Author: Unreal good

Source: Hang Seng LIGHT Cloud Community

The basic concept

MapReduce is a programming framework for distributed computing programs that can be submitted by users and run concurrently on a Hadoop cluster.

The core function of MapReduce is to integrate user-written service logic codes and default components into a complete distributed computing program.

MapReduce is a programming model that is divided into two phases: Map and Reduce. The input data is divided into blocks, processed by Map, and output to Reduce.

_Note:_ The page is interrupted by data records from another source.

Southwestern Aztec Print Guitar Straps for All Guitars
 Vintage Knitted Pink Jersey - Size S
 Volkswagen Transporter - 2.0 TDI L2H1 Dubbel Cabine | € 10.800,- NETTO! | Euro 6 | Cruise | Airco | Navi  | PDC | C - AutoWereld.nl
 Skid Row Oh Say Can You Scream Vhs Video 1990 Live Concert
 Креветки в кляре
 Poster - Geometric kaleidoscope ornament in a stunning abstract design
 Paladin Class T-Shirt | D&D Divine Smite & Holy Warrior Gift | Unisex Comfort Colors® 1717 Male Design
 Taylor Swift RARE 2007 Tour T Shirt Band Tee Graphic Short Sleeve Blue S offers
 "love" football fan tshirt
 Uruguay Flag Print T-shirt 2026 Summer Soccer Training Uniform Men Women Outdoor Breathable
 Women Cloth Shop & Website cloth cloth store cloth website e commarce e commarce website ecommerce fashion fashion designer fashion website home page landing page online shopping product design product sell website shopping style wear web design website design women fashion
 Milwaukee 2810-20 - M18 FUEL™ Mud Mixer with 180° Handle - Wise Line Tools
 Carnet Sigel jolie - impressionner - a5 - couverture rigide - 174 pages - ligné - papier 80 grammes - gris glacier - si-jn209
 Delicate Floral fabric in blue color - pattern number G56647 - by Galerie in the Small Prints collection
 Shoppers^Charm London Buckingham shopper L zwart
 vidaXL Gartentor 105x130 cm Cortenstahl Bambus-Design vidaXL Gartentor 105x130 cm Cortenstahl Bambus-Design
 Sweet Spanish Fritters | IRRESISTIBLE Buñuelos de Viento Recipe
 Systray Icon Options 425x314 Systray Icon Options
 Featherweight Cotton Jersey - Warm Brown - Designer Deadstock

It can be thought of as a process of collating and then generalizing data.

The core algorithm

An algorithm plan for MapReduce usually consists of three steps:

  • MapThe job of a map or mapper is to process input data. Each work node willmapFunction applies to local data and writes the output to temporary storage.
  • Shuffle: The work node redistributes data based on the output key and sorts, groups, and copies the data. This ensures that all data belonging to a key resides on the same work node.
  • Reduce: The worker node now processes each set of output data for each key in parallel and stores the resulting data to HDFS.

Run the process

MapReduce consists of the following steps:

  • Input: Reads the text file in the system.
  • splitting: Can be obtained by splitting the file by lineK1Number of lines,V1Represents the text content of the corresponding line;
  • mapping: Split each line according to SpacesList(K2,V2), includingK2Represents key words,V2The value of is 1, representing 1 occurrence;
  • shuffling: due to themappingOperations that may be processed in parallel on different machines must be passedshufflingThe operation will be the samekeyThe data of values are distributed to the same node for merging, so as to obtain the final resultK2The primary key,List(V2)Is the iterable set,V2V2 in Mapping;
  • Reducing: For each working nodeK2Key value pairsReduce()Operation, final output.

The splitting and Shuffing operations in the MapReduce programming model are all realized by the framework, and only mapping and Reducing need to be realized by our own programming, which is the origin of the name MapReduce.

The advantages and disadvantages

advantages

  • Large-scale data can be divided into multiple nodes for parallel calculation, reducing the time needed for data calculation;
  • Move the calculation to the location of the data to reduce the network cost;

disadvantages

  • It can only be used for off-line computing, but not for streaming computing and real-time computing.
  • The process results will be saved to disk, increasing the I/O load;

conclusion

The core of MapReduce is that the programs developed by users can be sent to Hadoop for running and execution, and the submitted tasks can be processed dynamically to reduce the computing time and obtain the final calculation results in parallel.